If witnesses fashion their testimony based upon another witness' testimony, Rule 615 is violated. See United States v. Jackson, 60 F.3d 128, 133 (2d Cir.1995) ("Rule 615 codified a well-established common law tradition of sequestering witnesses 'as a means of discouraging and exposing fabrication, inaccuracy, and collusion.' ... [T]his practice ... serves two purposes: it 'exercises a restraint on witnesses "tailoring their" testimony to that of earlier witnesses; and it aids in detecting testimony that is less than candid.' ") (quoting Fed.R.Evid. 615 Advisory Committee Notes and Geders v. United States, 425 U.S. 80, 87, 96 S.Ct. 1330, 1335, 47 L.Ed.2d 592 (1976)). These doctors provided expert reports before trial pursuant to Fed.R.Civ.P. 26(a)(2)(A) and gave depositions at which their opinions were memorialized. They maintained and testified to the same opinions throughout the case. Without any evidence that their testimony changed, we cannot conclude Mrs. Hill was prejudiced because they learned of Dr. Kelly's testimony. Accordingly, it was within the district court's sound discretion to allow Drs. Rosen and Geremia to testify. See, e.g., United States v. Gammon, 961 F.2d 103, 105 (7th Cir.1992) (absent evidence of prejudice, collusion, or willful violation, district court has discretion to allow testimony of lay witness in violation of sequestration order).
Moreover, faced with this motion the magistrate judge took the extra measures of: (1) allowing each side's expert witnesses to consult the others' trial testimony; and (2) instructing the jury on expert witness credibility in response to any Rule 615 violation. The instruction advised the jury that it could consider a witness' review of trial testimony in evaluating that witness' testimony. This instruction was sufficient to correct the risk of unfairness.3 The district court did not abuse its discretion in concluding that Rule 615 had not been violated, or otherwise err in its resolution of the situation.
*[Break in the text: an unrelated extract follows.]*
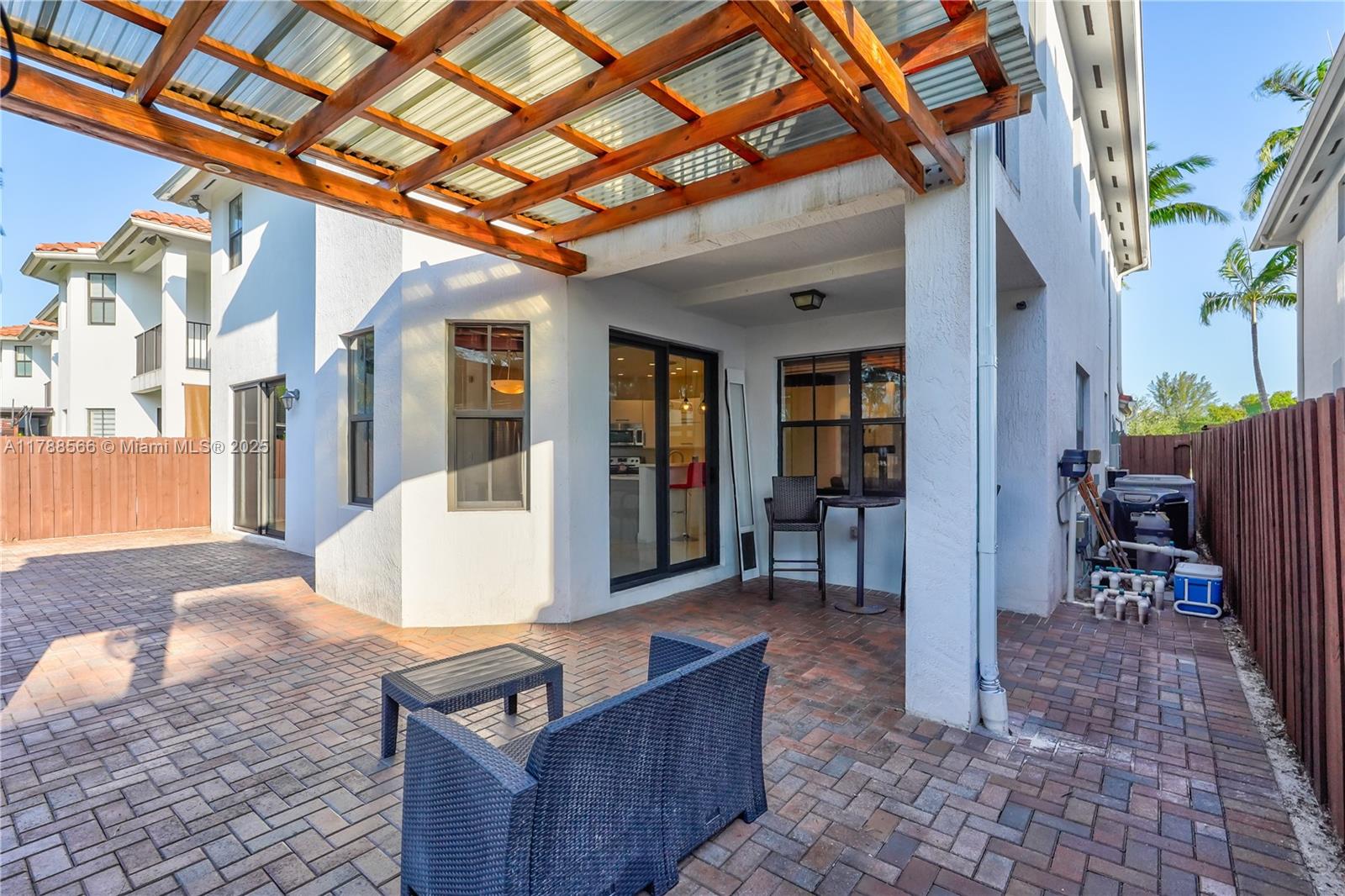 FONTAINEBLEAU WEST NORTH - Residential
B. Exclusion of Two of Mrs. Hill's Expert Witnesses
At a June 24, 1994 scheduling conference, upon agreement of the parties and pursuant to a Fed.R.Civ.P. 16 order entered by the district court, Mrs. Hill was to identify her expert witnesses and provide expert reports to the defendants by August 31, 1994. Mrs. Hill identified one of her expert witnesses, Dr. Rader, on August 25, 1994, within the required time period. But she waited until October 14, 1994, 45 days after her disclosure deadline, to identify her second expert witness, Dr. Cranberg. She did not provide Dr. Cranberg's report until November 18, 1994, 80 days after her disclosure deadline. Mrs. Hill identified Dr. Rothenberg as another of her expert witnesses on November 12, 1994, 74 days late. She did not even identify him as a testifying expert and provide his report until January 17, 1995, 139 days after her deadline. Upon the defendants' motion, the district court struck Drs. Cranberg and Rothenberg as expert witnesses because their late disclosure violated the scheduling order.
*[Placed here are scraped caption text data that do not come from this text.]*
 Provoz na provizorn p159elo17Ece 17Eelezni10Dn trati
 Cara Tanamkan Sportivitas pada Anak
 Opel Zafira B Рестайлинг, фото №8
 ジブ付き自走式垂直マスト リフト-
"When one party fails to comply with a court's pre-hearing order without justifiable excuse, thus frustrating the purposes of the pre-hearing order, the court is certainly within its authority to prohibit that party from introducing witnesses or evidence as a sanction." In re Maurice, 21 F.3d 767, 773 (7th Cir.1994). The June 24, 1994 scheduling order provided simple and unequivocal deadlines. The defendants needed to conduct sufficient discovery of plaintiff's experts and their opinions to prepare for trial properly. Adherence to established deadlines is essential if all parties are to have a fair opportunity to present their positions. In the absence of a compelling excuse, a district court is well within its discretion to exclude untimely proffered evidence or testimony. Mrs. Hill's counsel has not given a persuasive explanation for the untimely disclosure of Drs. Cranberg and Rothenberg.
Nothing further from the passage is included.